2) They do far, far more then cast spells.  The D&D wizard who only casts spells _doesn't exist_ as a protagonist in fantasy literature and mythology.  Instead, the "spellcaster" resembles the bard more then anything else; someone with a lot of knowledge and a good bit of trickery and wit.  The actual Vance wizards fall under this catagory, utilizing swashbuckling and strange arcane devices far more then they do actual spells.  Harry Potter can cast spells, but he saves the day with friendship and intelligence.  Harry Dresden (What is with wizards and Harry) can cast spells, but he saves the day with wit and quick thinking.  The spells exist to help their primary attributes, not the other way around - Dresden doesn't finish the book with just "I cast a spell," he out-thinks the enemy and tricks them, sometimes without using any magic in the finale.


----------



## Dausuul (Feb 19, 2011)

NN said:


> Im suprised that "Vancian magic" is not more common in fantasy literature.
> 
> Its an elegant way of showing you the reader the approximate parameters of the wizards power, so you have that nice balance of anticipation and suspense.
> 
> Its like the Q-gives-Bond-the gadgets scene.




On the contrary, it tells you exactly nothing about the parameters of the wizard's power. It's just a peculiar restriction on how the wizard's spells work. The parameters of a wizard's power are defined by _what her spells can do_, and knowing that a wizard is a Vancian caster provides no information about that.

Also, it's not particularly elegant. In fact it's rather weird and unintuitive.


----------



## Ranes (Feb 19, 2011)

ProfessorCirno said:


> The D&D wizard who only casts spells _doesn't exist_ as a protagonist in fantasy literature and mythology.

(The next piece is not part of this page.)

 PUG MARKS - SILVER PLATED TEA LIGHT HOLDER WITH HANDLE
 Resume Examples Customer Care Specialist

The D&D wizard doesn't only cast spells. Ask any decent wizard player.

But if you haven't found a protagonist who is primarily a spell caster, who uses his cleverness to save the day by casting the right spell, you haven't read The Magic Goes Away. Niven's Warlock is exactly that protagonist.


----------



## billd91 (Feb 20, 2011)

Leatherhead said:


> The fighter is a blight on game design.
> Even if you removed wizards, the fighter would still be bad, simply do to the "I hit it with a sword" problem.

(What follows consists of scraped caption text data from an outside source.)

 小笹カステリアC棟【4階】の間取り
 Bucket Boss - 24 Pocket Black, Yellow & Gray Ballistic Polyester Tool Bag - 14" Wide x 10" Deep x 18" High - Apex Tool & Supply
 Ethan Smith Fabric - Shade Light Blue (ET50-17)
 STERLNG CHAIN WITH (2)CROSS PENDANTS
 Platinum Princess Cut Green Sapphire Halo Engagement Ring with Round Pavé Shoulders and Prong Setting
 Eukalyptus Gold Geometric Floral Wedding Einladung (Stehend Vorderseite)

Why is this a problem? When I settle in a the table and feel like playing a fighter, this is often exactly what I want to do. You don't need to make lots of fiddly choices or look up powers or all that. You get to lay in to the enemies. Having character types that play differently is a plus for the game.


----------



## MrGrenadine (Feb 20, 2011)

Aldarc said:


> I agree that Vancian magic should go the way of the dodo. While some may like it...




Including me.



Aldarc said:


> ...likely out of sentimentality and a conservative emotional attachment to this clunky mechanic...




This is not even close, however.



Aldarc said:


> I have despised Vancian Magic ever since I started D&D.




Well, that explains the slam above.  But don't assume your personal preference is the onetrueway.  That way lies madness.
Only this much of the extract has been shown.